[systemd-devel] Targeting `systemd --user` for a distributed app without root access: dead-end or neat?

Michael Chapman mike at very.puzzling.org
Sat Apr 9 06:51:43 UTC 2016


On Fri, 8 Apr 2016, sbaugh at catern.com wrote:
> Hugues Malphettes <hmalphettes at gmail.com> writes:
[...]
>> So what is the future for this part of systemd?
>
> Not being a systemd developer, I can only hope that systemd --user stays
> around; it's a great movement in the right direction, of putting more
> capability in the hands of unprivileged users. Using it as a component
> in a cluster manager like Fleet is an important part of this.

I too hope that "systemd --user", or something very much like it, stays 
around. I often need to provide unprivileged users the ability to run 
their own long-running processes, and user systemd instances have been 
invaluable for this.

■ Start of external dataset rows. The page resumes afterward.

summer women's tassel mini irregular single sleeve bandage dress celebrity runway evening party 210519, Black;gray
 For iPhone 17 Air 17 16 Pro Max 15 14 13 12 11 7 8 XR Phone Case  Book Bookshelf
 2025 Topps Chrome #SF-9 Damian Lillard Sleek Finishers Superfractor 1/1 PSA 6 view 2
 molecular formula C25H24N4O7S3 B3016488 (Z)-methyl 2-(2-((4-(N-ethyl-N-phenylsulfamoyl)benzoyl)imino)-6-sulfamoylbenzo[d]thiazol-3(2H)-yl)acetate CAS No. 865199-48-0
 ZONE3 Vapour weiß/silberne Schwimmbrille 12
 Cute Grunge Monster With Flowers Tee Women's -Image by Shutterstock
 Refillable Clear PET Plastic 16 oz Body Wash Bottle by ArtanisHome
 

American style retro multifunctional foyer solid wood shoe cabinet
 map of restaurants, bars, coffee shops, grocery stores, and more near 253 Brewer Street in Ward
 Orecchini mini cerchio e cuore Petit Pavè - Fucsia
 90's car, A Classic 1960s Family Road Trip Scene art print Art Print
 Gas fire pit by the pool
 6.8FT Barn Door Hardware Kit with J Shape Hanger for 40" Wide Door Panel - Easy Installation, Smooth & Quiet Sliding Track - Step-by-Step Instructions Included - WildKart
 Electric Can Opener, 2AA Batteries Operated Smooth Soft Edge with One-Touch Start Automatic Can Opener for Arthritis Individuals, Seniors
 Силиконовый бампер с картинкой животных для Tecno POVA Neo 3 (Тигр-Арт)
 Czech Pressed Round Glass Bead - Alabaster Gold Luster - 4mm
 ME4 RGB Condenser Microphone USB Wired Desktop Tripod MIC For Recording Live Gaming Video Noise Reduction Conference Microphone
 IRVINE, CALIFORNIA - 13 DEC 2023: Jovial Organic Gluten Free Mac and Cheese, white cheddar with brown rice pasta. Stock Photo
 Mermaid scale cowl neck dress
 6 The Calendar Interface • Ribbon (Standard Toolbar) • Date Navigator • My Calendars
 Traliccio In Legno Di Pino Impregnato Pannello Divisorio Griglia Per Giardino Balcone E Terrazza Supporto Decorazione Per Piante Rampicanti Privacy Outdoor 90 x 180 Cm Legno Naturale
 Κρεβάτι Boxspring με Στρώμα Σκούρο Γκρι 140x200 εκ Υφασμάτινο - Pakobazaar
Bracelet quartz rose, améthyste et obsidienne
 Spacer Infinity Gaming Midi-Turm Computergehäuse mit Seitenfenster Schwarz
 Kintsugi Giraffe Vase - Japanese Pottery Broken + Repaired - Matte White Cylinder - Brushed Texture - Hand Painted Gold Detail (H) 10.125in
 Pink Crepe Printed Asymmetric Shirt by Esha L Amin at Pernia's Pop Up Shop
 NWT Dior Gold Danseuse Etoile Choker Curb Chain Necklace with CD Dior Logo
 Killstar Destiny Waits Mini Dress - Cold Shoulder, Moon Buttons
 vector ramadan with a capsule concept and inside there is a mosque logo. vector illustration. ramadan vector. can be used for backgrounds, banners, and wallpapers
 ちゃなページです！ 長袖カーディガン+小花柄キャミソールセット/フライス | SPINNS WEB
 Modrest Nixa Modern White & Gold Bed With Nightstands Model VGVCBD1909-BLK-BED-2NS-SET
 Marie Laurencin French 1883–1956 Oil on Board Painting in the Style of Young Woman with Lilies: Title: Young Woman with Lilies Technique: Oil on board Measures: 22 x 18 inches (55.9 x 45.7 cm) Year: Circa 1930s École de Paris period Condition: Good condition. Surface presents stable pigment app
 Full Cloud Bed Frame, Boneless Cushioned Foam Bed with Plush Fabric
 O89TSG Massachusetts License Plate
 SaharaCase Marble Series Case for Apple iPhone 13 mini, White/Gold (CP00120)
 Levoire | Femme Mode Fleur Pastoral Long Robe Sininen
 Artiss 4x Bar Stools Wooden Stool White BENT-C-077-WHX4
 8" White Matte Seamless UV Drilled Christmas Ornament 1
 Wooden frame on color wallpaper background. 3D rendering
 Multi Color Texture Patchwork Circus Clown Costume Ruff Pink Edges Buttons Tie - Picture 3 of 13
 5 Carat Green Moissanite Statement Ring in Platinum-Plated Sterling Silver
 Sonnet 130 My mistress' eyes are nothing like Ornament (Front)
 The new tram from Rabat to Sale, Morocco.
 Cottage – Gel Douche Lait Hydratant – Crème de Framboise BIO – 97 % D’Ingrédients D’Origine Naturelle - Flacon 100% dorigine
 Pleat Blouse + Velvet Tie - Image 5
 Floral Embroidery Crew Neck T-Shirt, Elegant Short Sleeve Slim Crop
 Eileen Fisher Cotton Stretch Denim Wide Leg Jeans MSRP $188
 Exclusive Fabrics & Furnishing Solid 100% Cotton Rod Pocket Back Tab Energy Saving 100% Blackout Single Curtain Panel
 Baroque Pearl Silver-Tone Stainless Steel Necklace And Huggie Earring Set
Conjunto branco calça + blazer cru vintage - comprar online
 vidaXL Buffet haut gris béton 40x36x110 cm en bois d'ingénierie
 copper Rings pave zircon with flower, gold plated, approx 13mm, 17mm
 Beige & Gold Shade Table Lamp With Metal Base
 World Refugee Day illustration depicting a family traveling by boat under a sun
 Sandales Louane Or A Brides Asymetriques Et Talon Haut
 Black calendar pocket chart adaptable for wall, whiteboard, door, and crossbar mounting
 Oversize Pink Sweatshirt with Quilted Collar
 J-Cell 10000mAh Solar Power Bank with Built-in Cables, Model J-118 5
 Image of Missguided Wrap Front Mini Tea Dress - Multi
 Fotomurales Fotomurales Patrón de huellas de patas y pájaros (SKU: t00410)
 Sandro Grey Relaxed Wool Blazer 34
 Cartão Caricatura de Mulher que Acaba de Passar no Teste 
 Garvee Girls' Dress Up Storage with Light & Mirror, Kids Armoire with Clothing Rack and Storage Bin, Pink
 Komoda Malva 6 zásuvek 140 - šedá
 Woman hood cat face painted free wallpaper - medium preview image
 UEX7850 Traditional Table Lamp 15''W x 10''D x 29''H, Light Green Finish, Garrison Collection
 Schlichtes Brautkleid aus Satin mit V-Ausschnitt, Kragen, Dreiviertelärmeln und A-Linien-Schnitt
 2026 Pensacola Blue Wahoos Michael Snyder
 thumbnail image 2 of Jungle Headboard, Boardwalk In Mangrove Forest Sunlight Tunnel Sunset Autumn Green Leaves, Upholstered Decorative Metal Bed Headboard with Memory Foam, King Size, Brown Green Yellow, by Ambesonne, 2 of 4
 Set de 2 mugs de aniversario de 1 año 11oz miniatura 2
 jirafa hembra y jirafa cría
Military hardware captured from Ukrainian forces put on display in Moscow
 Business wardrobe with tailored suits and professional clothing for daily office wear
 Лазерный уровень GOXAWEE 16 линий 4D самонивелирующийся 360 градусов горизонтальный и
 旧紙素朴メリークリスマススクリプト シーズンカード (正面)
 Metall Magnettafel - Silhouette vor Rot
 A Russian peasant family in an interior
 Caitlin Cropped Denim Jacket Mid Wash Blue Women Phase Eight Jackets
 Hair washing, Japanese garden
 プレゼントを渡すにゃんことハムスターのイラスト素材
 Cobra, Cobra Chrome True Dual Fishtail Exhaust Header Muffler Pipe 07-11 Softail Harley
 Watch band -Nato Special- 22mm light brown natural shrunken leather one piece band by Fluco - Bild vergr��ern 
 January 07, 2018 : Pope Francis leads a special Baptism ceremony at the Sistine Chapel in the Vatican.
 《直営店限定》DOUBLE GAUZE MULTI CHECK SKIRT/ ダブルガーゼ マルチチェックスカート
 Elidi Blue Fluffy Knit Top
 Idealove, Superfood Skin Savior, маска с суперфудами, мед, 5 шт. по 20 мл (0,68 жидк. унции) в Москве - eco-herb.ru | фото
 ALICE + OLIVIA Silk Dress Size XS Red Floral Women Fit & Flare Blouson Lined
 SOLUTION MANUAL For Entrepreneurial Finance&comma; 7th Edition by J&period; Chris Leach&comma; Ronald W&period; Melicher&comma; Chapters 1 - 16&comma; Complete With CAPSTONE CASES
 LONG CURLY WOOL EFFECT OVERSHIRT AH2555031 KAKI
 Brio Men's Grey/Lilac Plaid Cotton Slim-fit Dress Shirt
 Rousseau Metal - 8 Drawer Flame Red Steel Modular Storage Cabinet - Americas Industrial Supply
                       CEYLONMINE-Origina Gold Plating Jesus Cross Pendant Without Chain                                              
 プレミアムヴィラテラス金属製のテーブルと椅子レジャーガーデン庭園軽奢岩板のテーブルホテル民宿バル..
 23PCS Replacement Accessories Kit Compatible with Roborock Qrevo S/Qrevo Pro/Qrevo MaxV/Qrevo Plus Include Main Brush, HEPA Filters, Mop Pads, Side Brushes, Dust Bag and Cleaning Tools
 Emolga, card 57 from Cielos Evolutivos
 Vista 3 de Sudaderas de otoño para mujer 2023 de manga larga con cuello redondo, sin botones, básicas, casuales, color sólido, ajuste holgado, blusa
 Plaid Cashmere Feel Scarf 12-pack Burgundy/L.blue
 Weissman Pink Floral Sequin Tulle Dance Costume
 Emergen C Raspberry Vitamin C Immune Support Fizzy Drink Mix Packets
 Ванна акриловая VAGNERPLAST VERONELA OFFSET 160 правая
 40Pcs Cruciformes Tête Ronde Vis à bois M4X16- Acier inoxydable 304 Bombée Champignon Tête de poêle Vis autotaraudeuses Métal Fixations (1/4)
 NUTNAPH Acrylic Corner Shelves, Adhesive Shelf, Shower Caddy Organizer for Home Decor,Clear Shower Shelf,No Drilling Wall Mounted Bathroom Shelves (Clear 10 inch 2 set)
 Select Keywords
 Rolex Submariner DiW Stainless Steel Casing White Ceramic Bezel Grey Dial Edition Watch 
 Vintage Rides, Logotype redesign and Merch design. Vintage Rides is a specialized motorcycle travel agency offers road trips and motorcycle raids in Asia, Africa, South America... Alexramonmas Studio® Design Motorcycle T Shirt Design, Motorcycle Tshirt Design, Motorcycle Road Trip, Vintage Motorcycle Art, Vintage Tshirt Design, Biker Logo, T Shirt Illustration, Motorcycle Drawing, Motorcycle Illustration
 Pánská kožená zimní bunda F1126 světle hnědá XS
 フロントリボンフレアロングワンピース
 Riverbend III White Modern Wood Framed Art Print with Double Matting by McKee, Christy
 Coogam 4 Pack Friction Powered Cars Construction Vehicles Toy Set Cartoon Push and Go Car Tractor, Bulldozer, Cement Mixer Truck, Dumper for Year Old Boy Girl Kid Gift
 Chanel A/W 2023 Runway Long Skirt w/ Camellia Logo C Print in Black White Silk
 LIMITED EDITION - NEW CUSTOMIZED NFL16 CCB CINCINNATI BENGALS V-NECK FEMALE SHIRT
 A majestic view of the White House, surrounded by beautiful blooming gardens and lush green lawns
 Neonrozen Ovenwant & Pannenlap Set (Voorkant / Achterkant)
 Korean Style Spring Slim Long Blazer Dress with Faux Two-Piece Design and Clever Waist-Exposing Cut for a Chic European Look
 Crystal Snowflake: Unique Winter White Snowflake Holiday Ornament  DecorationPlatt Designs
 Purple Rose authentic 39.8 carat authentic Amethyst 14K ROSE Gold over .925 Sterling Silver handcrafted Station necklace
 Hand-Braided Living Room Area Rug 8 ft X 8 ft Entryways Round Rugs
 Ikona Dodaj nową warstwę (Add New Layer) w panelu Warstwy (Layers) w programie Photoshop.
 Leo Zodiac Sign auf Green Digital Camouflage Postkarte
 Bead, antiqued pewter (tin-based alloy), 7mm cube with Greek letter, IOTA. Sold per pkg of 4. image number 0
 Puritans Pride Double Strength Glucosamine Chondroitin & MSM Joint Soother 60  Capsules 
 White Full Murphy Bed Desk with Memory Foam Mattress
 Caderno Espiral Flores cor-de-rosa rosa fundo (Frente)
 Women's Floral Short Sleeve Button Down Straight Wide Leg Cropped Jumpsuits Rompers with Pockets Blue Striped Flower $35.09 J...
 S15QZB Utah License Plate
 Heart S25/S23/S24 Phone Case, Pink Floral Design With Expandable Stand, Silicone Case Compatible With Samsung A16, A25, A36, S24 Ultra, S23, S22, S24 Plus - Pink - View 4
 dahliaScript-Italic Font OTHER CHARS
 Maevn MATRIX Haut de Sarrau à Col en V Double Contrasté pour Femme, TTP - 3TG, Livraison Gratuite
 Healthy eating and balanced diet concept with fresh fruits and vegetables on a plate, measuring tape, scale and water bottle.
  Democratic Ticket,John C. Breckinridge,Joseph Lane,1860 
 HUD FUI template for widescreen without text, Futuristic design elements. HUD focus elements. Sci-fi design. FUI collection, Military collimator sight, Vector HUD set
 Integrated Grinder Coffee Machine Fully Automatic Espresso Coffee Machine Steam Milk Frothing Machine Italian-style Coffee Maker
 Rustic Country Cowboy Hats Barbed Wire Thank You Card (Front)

In particular, being able to define a unit in 
/etc/systemd/user/ and have any user make use of it at will is 
particularly useful.

If there is just one change I would make, it would be that using systemctl 
without the --system or --user options would contact *both* the system and 
user instances, and allow the user to control any and all units for which 
they have permissions to do so. That would mirror the behaviour of 
journalctl (which shows all log messages you've got permissions to see), 
and it'd be one fewer things I'd need to remind unprivileged users about.